■ **WORK INSTRUCTIONS**:
For this exercise, an exact copy is needed of only the lines from the one containing "[DIOR] 디올 오블리크" through the end of the data, with pictures left out.

(DATA SUPPLIED begins)

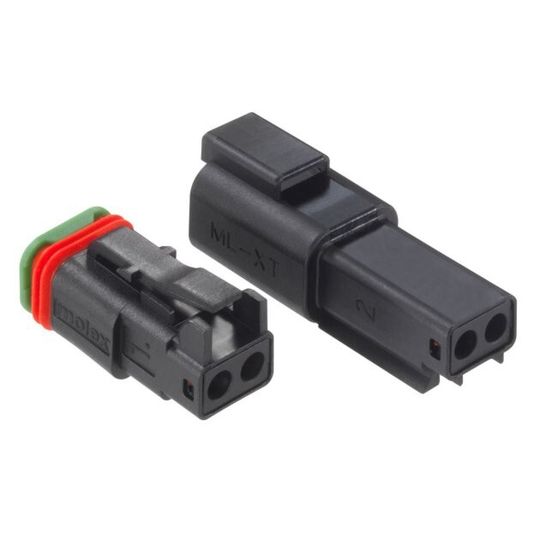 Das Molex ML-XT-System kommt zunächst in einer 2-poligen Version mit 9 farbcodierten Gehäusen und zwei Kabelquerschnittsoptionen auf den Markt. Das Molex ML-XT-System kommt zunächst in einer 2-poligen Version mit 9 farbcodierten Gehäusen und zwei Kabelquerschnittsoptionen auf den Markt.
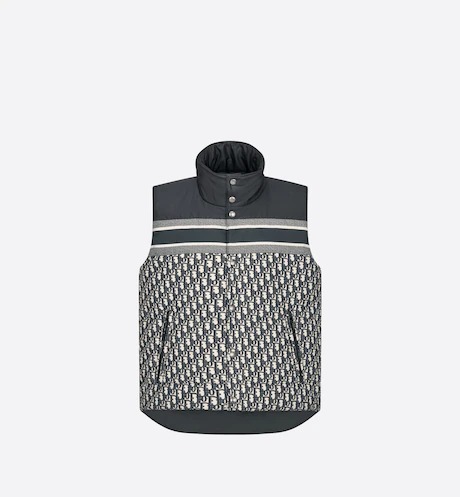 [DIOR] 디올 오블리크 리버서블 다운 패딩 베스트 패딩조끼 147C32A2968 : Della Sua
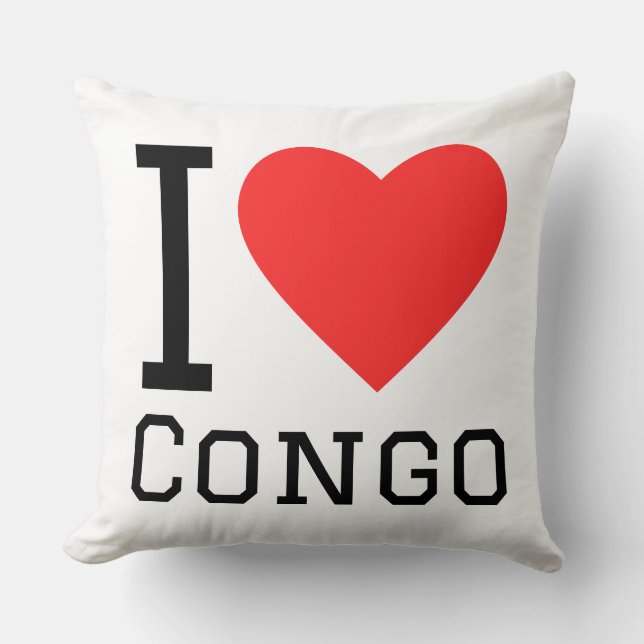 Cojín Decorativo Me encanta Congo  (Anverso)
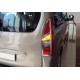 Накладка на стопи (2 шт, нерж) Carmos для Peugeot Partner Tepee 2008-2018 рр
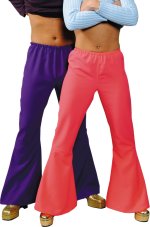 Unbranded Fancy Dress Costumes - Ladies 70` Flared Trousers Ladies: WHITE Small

(DATA SUPPLIED ends)

■ **ANSWER**:
 [DIOR] 디올 오블리크 리버서블 다운 패딩 베스트 패딩조끼 147C32A2968 : Della Sua
 Cojín Decorativo Me encanta Congo  (Anverso)
 Накладка на стопи (2 шт, нерж) Carmos для Peugeot Partner Tepee 2008-2018 рр
 Unbranded Fancy Dress Costumes - Ladies 70` Flared Trousers Ladies: WHITE Small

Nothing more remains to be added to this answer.